Note: This review will not attempt to avoid spoilers (It’s been 50 years!)

A Clockwork Orange is perhaps best known for being perhaps the most disturbing of Stanley Kubrick’s films. Yet one does not really even need to watch the film to see why this is a distinct possibility, even likelihood. Oft analyzed scenes such as the infamous “Singing in the Rape” serve as an attempt to get the viewer into the thoughts of Alex, the main character of the novel and film. While Burgess’ novel can let his actions stand alone as what they are (namely: unconscionable, vile acts) and then surround them with Alex’s own thoughts before and after, Kubrick does not have the luxury of such a ploy without falling into tropes, thus, to go along with Alex’s horrid actions, Kubrick has him not narrate them, but add to them. Somehow make them worse. Namely, by adding pure joy. Kubrick has to show us that Alex not only has no qualms with his crimes, but also that he enjoys them. This is why the film version of A Clockwork Orange is oft-accused of glorifying violence.
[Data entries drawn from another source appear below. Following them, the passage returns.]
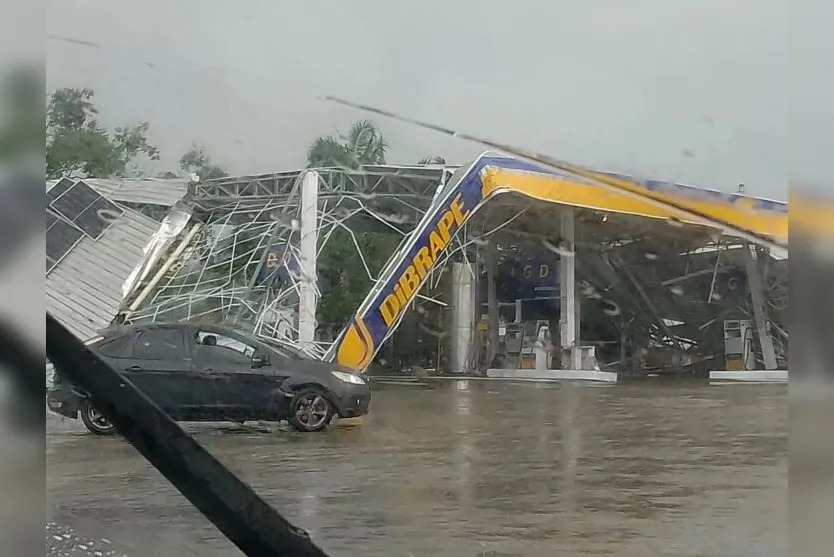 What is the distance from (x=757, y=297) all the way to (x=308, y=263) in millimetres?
1090

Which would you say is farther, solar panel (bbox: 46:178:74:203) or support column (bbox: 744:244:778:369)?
support column (bbox: 744:244:778:369)

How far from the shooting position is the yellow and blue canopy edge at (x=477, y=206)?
71.2 inches

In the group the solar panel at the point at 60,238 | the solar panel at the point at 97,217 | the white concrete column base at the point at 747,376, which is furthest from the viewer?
the solar panel at the point at 97,217

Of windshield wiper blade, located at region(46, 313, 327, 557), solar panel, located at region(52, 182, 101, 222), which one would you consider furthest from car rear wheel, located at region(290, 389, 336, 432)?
windshield wiper blade, located at region(46, 313, 327, 557)

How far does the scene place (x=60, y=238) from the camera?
3.88ft

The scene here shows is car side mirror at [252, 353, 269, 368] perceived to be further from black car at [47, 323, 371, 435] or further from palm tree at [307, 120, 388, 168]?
palm tree at [307, 120, 388, 168]

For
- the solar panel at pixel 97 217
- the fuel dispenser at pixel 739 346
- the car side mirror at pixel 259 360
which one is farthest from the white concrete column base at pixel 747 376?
the solar panel at pixel 97 217

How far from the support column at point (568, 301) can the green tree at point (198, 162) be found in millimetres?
885

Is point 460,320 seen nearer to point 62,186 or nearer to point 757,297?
point 757,297

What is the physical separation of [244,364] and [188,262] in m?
0.30

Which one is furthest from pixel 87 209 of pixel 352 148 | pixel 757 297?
pixel 757 297

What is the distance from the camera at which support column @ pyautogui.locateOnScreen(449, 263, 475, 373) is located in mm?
1926

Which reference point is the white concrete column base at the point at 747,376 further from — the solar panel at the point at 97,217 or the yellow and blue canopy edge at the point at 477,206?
the solar panel at the point at 97,217

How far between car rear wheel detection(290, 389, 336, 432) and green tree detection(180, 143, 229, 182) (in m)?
0.59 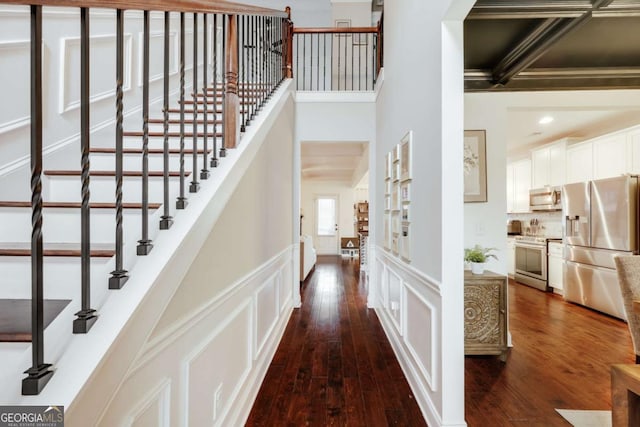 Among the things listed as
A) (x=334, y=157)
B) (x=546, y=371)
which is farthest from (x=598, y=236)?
(x=334, y=157)

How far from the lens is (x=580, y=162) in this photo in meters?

Yet the novel finds itself in a different place, as readers are presented with a stream-of-consciousness/post-log of Alex’s day-to-day life in a futuristic dystopian New York. He and his droogs roam the city at night and, for what it is worth, terrorize its inhabitants, beating them to a pulp or worse. It is during one of these night romps that he is caught by the police after accidentally murdering a woman who had sent her cats to attack him (it should not be understated how humorous the novel is at times; including a moment in which, when Alex returns from prison, his father informs him that the state had to sell all of his things so that it could afford to take care of the old woman’s cats). They hall him away and he is sentenced to 12 years in prison, but after two he is offered a deal to walk-free. Participate in the trials of the Ludavico experiment and he will walk after “only a fortnight.” The Ludovica experiment subjects him to intense “ultra-violence” (a term coined by Burgess) in the form of film and Alex is forced to develop such an aversion to violence that he becomes sick at his stomach and feels intense pain when he even begins to think about violence. Likewise, because the films are scored with classical music, he can no longer partake of his favorite composers either, which seems to scar him the most. Upon being released no one, not even his family believes that he is actually a good, changed person. When he finally finds someone who does, the man desires to kill Alex after realizing that Alex broke into his home years ago and raped his wife. Alex’s goodness becomes utterly irrelevant, and he becomes useful only as a pawn in governmental infighting. He attempts suicide unsuccessfully, and in the process being healed they reverse the process of Ludovica, allowing Alex to be violent once more.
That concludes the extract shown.